Would you retype, word for word, the line with "Abdulsamee juice logo" and every line after it through the end of the records below?

———

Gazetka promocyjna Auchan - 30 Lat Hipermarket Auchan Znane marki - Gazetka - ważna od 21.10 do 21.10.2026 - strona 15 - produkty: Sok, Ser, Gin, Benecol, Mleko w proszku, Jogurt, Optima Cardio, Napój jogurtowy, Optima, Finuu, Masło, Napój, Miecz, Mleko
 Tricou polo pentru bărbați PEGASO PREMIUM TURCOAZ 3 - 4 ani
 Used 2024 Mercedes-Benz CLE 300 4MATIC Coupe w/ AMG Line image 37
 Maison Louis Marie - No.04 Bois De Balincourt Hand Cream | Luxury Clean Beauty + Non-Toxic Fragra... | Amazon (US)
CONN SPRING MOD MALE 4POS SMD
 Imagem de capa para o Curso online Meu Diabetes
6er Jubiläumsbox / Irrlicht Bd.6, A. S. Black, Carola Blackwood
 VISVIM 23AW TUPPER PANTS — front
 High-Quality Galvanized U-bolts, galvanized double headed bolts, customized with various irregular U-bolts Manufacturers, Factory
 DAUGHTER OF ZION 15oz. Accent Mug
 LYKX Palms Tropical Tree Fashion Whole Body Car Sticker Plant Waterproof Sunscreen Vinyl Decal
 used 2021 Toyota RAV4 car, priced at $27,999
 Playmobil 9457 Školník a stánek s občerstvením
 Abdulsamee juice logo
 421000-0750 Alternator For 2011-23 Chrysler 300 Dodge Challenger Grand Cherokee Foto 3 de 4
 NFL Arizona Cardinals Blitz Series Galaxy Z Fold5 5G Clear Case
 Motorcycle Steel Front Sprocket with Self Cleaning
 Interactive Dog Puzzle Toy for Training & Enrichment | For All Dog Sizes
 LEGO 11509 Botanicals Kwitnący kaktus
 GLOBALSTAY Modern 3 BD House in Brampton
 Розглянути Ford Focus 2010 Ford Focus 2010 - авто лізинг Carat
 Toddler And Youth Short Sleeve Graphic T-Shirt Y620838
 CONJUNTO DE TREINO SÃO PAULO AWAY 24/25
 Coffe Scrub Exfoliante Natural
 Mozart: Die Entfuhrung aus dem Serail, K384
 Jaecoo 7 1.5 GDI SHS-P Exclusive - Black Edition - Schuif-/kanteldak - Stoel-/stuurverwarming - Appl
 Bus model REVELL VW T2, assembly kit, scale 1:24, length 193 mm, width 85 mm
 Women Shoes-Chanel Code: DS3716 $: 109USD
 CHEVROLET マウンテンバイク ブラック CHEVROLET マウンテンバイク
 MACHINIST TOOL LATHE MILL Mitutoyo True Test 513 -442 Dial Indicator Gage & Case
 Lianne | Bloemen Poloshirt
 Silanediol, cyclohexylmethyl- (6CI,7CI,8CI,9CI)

———

Exercise response:
 Abdulsamee juice logo
 421000-0750 Alternator For 2011-23 Chrysler 300 Dodge Challenger Grand Cherokee Foto 3 de 4
 NFL Arizona Cardinals Blitz Series Galaxy Z Fold5 5G Clear Case
 Motorcycle Steel Front Sprocket with Self Cleaning
 Interactive Dog Puzzle Toy for Training & Enrichment | For All Dog Sizes
 LEGO 11509 Botanicals Kwitnący kaktus
 GLOBALSTAY Modern 3 BD House in Brampton
 Розглянути Ford Focus 2010 Ford Focus 2010 - авто лізинг Carat
 Toddler And Youth Short Sleeve Graphic T-Shirt Y620838
 CONJUNTO DE TREINO SÃO PAULO AWAY 24/25
 Coffe Scrub Exfoliante Natural
 Mozart: Die Entfuhrung aus dem Serail, K384
 Jaecoo 7 1.5 GDI SHS-P Exclusive - Black Edition - Schuif-/kanteldak - Stoel-/stuurverwarming - Appl
 Bus model REVELL VW T2, assembly kit, scale 1:24, length 193 mm, width 85 mm
 Women Shoes-Chanel Code: DS3716 $: 109USD
 CHEVROLET マウンテンバイク ブラック CHEVROLET マウンテンバイク
 MACHINIST TOOL LATHE MILL Mitutoyo True Test 513 -442 Dial Indicator Gage & Case
 Lianne | Bloemen Poloshirt
 Silanediol, cyclohexylmethyl- (6CI,7CI,8CI,9CI)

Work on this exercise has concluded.